Brian Kelly’s LSU team has been operating under intense pressure lately, not just because the SEC always turns up the heat. Fresh off a season where “CFP or bust” could easily adorn every Tiger’s jersey, Kelly has confronted high expectations, navigated a revolving door of transfers, and endured fan scrutiny that makes Baton Rouge feel like the Vatican of college football. However, no one could have anticipated the heart-wrenching story of team captain and playmaking safety Greg Brooks Jr. His 2023 season took a devastating turn, not due to a missed tackle but because a brain tumor disrupted his life.
In August 2023, Brooks began feeling off, with nausea and dizziness, the kind of symptoms you’d want trainers to take seriously. A month later, after 39 days of complaining about these symptoms, someone finally talks about bringing a neurologist in on it. That’s when they discovered the brain tumor, and things went downhill quickly. Brooks transitioned from anchoring the secondary to fighting for his life after emergency surgery left him permanently disabled. His family now claims that an unqualified surgeon conducted the operation, following weeks of LSU’s medical staff dismissing his symptoms as mere vertigo and heat exhaustion.
And then the actual drama began. As Brooks and his family fought through the aftermath of chemotherapy and radiation, learning to speak and eat, the silence from the LSU coaching staff was deafening. Brooks Sr. didn’t hold back. LSU insider Matt Moscono responds to a particular interview on The Pivot podcast between Greg Brook Sr. and Ryan Clark on his After Further Review: LSU show. “My son almost lost his life coach Where were you? Forget about football, pick up the phone and say you love the kid, man,” Matt quotes Greg Sr. from that interview.

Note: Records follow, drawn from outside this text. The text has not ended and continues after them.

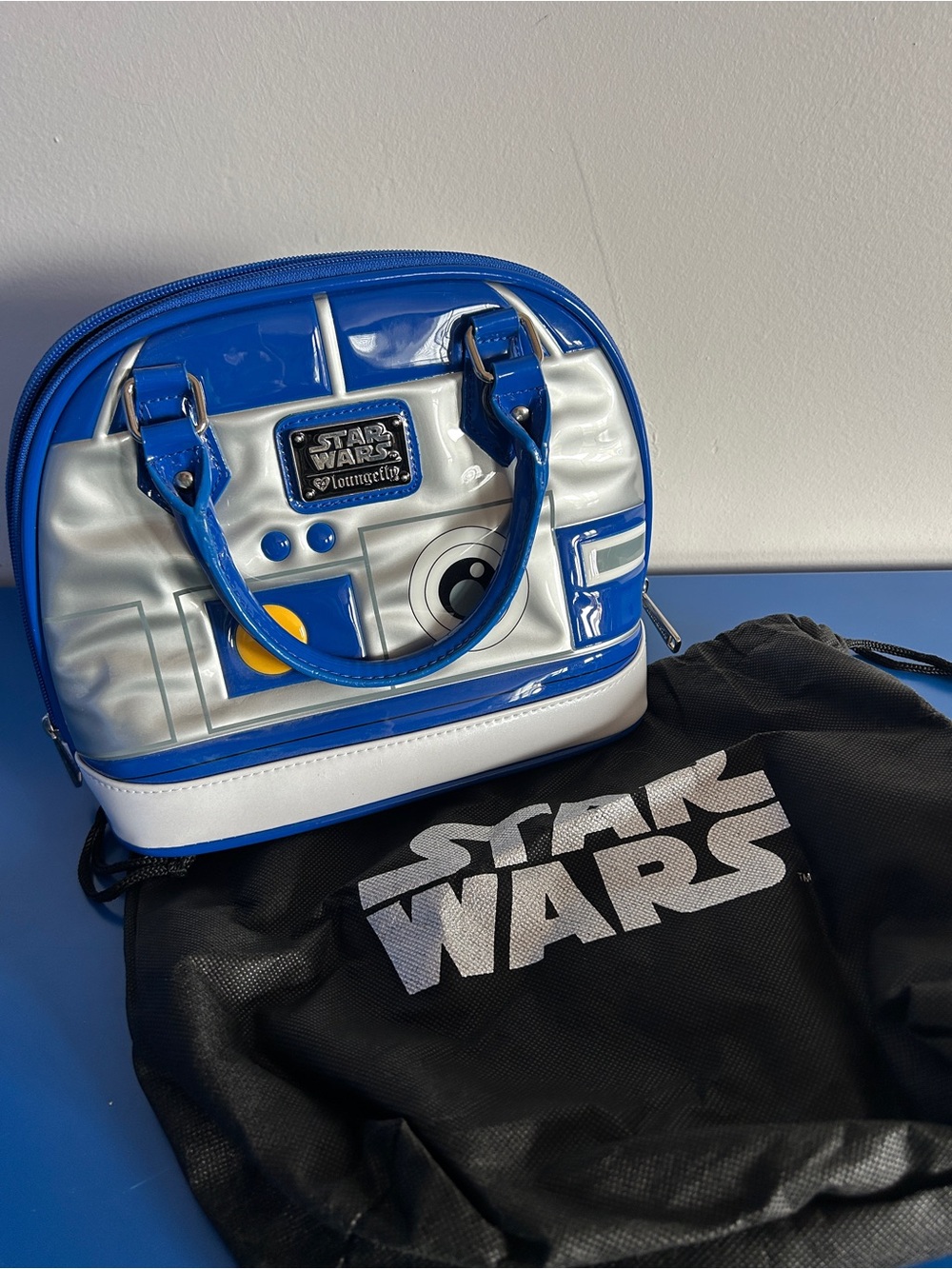 Loungefly R2D2 small dome purse - Picture 4 of 4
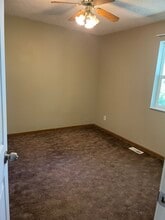 2209 Roma Ln in Country Club, MO - Foto de edificio - Building Photo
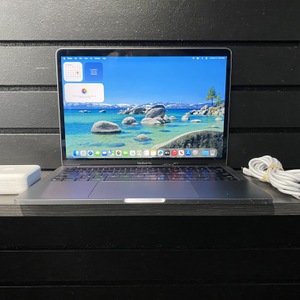 Apple A2338 Laptop 13" MacBook Pro - M1 - 8GB RAM - 256GB SSD (Cracked Bezel)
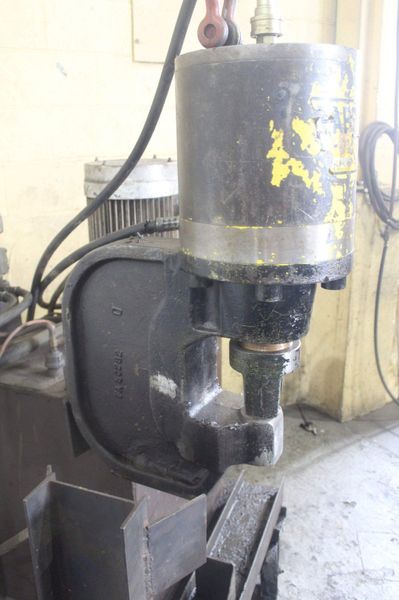 FABRILINE MODEL FP 80 PORTABLE HYDRAULIC FLANGE PUNCH: STOCK #71173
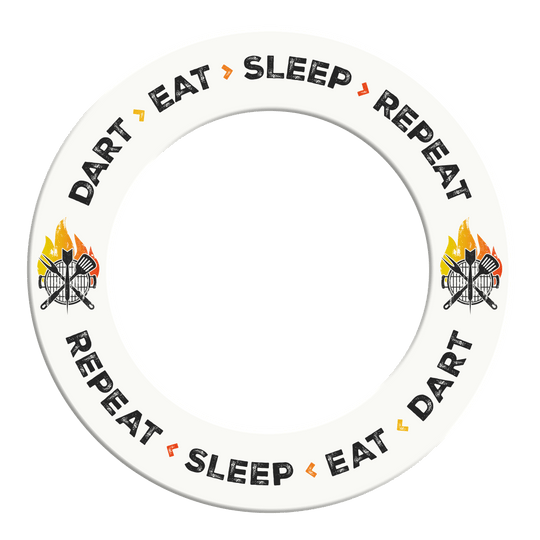McDart Dartboard Surround - Dart Eat Sleep Repeat Weißes Dartboard-Surround mit dem Aufdruck 'Dart Eat Sleep Repeat'. Das Produkt ist aus einem bestimmten Blickwinkel dargestellt.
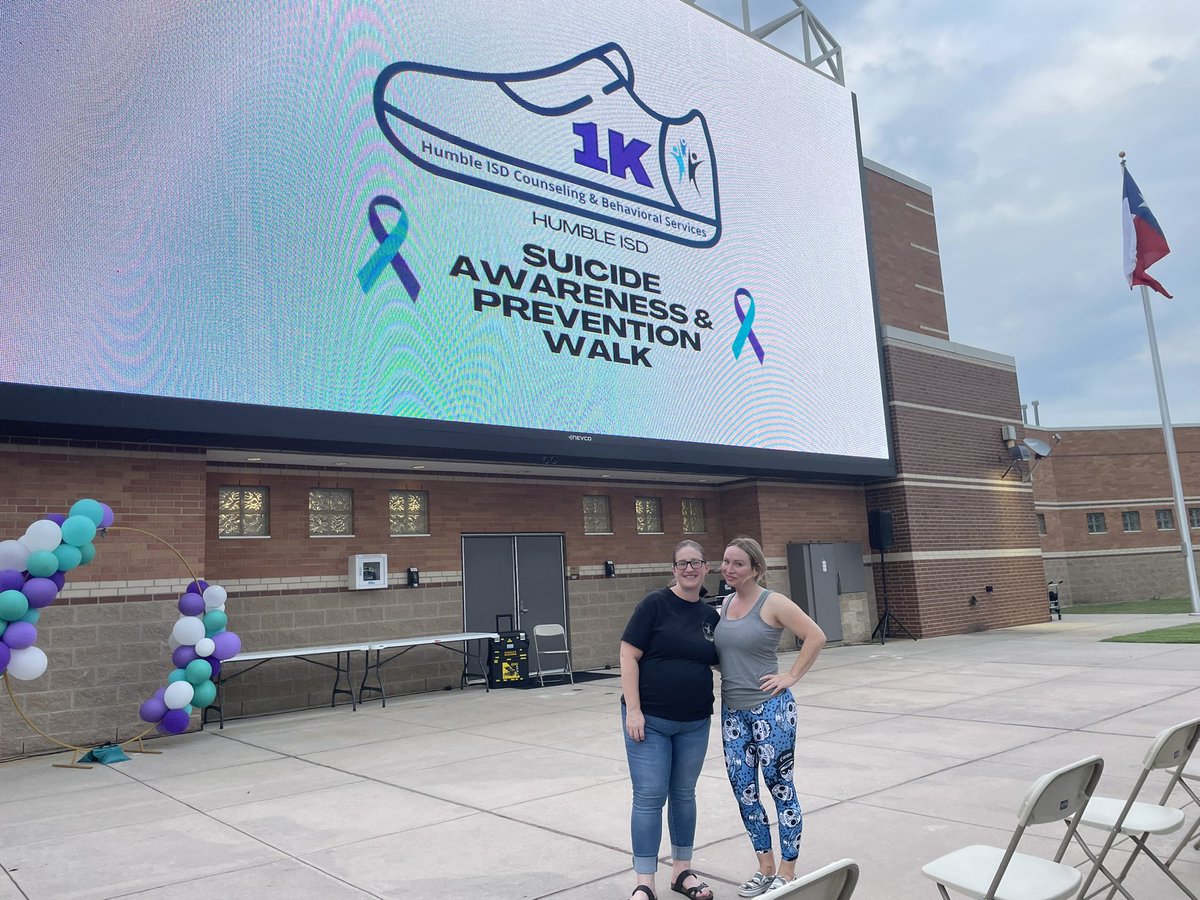 support_wpe's tweet photo. WPE walking for mental health awareness 💜 🐼 #pandaproud #wearewpe #shinethelight #humbleisdfamily https://t.co/5PVzqCGz4Y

Kelly, never to let his name take a blindside hit to its reputation, responded, “It is factually incorrect to state that I was not there by Greg’s side through this ordeal. I was there on multiple occasions. We had somebody from my staff that was there virtually every single day. We love Greg. We love him for the person that he is, for the competitor that he is, and for the battler that he is, and we can only wish him continued progress as he goes through an incredibly difficult time.” But for the Brooks family, the harm was already inflicted, trust broken, and faith in the “LSU family” revealed to be nothing more than a slogan for the hype video.
Matt Moscona wasn’t shy when commenting on the drama involving Greg Brooks Sr. and Brian Kelly. “I empathize with Greg Senior, but I also understand Kelly’s perspective,” Matt said. Moscona is never stingy with opinions. Still, he refused to get sucked into the he-said-he-said. He bigged up Ryan Clark. “Even Ryan Clark, at that point in the interview, says, ‘What about all the other players on the team that Brian Kelly is responsible for? He’s running a Giant football program.”
Ryan Clark, one of the people at the center of this Greg Brooks Jr. fiasco, was able to bring a very uncommon amount of serenity and sensibility to bear when the atmosphere between Greg Brooks Sr. and Brian Kelly was tense. Clark, close to both the Brooks family and LSU, did not merely act as referee; he reminded everyone that, of course, Brian Kelly has a football program to manage, which is sort of like herding cats in the SEC, but that is not to say he was absent from Brooks’ flank.
Clark went on to note that he visited the hospital, where he encountered Kelly and assistant coach Frank Wilson, seeing Brooks after the surgery. Clark didn’t let Kelly off the hook for not communicating after Brooks departed Baton Rouge, but he also didn’t join the outrage bandwagon.
Trading helmets for hospital gowns
Greg Brooks Jr.’s odyssey with his brain tumor diagnosis is the sort of thing that truly pulls the curtain down on the tinsel-laden facade of college football. Here’s a player who transferred to LSU, earned the title of team captain, and was ready to handle the defense, only to find himself battling an unexpected medical challenge. Things began to go wrong when Brooks started experiencing symptoms that no athlete should ever ignore: dizziness, confusion, and an overwhelming sense that something was off. He was not only training but also playing in games while this tumor grew in his brain.
Brooks himself wrote about how exasperating and frightening it was: he’d attempt normal football maneuvers and all of a sudden feel light-headed or lose his balance, thinking, “Why can’t I do this? This isn’t me.” That’s not merely difficult, that’s frightening. By the time somebody finally considered taking him to see a specialist, it was near enough too late. The subsequent surgery aimed to be his saving grace, but it transformed into a nightmare, leading to strokes, significant neurological injury, and a challenging recovery journey.
Greg Jr. is a young man who transitioned from being in charge of LSU’s defense under the stadium lights to battling for his life in a hospital bed, all while experiencing symptoms dismissed until things got really bad. The off-field drama, with his father complaining about Brian Kelly and the LSU staff for not being supportive, just adds to the debacle.